Most proposals involve a pair of deep tubes starting somewhere in NJ Meadowlands running entirely under Manhattan and either part of Bronx (or in case of the LI option presumably under Queens) to emerge somewhere around New Rochelle (or for LI option, somewhere beyond Jamaica I suppose), with a station under Penn Station, possibility of a station under GCT, though that has been downplayed of late. This segment is least likely to befunded early on, and possibly never, since it is very very expensive and RoI is somewhat debatable.


----------



## Nexis4Jersey (Nov 28, 2012)

I think they would go with the cut and cover methond instead of Boring which would be slower and more expensive under the sound.
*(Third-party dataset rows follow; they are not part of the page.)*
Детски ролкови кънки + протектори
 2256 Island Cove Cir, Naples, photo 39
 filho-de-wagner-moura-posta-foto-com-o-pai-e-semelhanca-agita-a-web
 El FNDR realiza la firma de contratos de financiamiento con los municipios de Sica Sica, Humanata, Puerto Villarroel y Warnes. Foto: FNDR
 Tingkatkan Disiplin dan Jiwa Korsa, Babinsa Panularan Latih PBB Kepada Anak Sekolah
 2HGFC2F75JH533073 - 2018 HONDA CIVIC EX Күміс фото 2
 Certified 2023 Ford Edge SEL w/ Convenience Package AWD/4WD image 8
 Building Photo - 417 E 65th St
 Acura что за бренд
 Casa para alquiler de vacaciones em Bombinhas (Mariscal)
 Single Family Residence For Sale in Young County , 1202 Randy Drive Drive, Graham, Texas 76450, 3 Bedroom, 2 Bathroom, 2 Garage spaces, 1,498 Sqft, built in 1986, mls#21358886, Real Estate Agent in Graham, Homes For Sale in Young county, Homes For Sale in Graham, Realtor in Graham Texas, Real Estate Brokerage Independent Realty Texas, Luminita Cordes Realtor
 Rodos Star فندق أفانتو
As for Long Island they would only need to get to Hicksville then they could ride the LIE ROW intill Medford , the Tunnel portal on LI is near Wading River and not Port Jefferson.


----------



## Timmy (Dec 28, 2012)

jis said:


> Anderson said:
> 
> 
> > One interesting question about this proposal (and others): What're the plans for routing within NYC? A new level at Penn? A new "area" to the station adjacent?
> ...


A connection tunnel from Penn to GCT could be used not only for HSR, but also for a commuter service cross citylink (something like crossrail in London), connecting different suburban rail systems and allowing through running from NJ to LI and Westchester.

On the other hand, a stop in Jamaica and a direct connection to a JFK airport HSR station (tunnel or elevated line) would allow people on short haul connecting flights from the airport to continue their journey easily by train. This would free up slots in the areas congested airports. This is how most major airports in Europe operate (Frankfurt, Paris, Amsterdam, etc).


----------



## jis (Dec 28, 2012)

I think the probability of this happening at present is marginally greater than zero but significantly less than 0.001%  but things could change if the PEIS takes it more seriously. So we'll have to wait and see, but still a very very long shot at best.


----------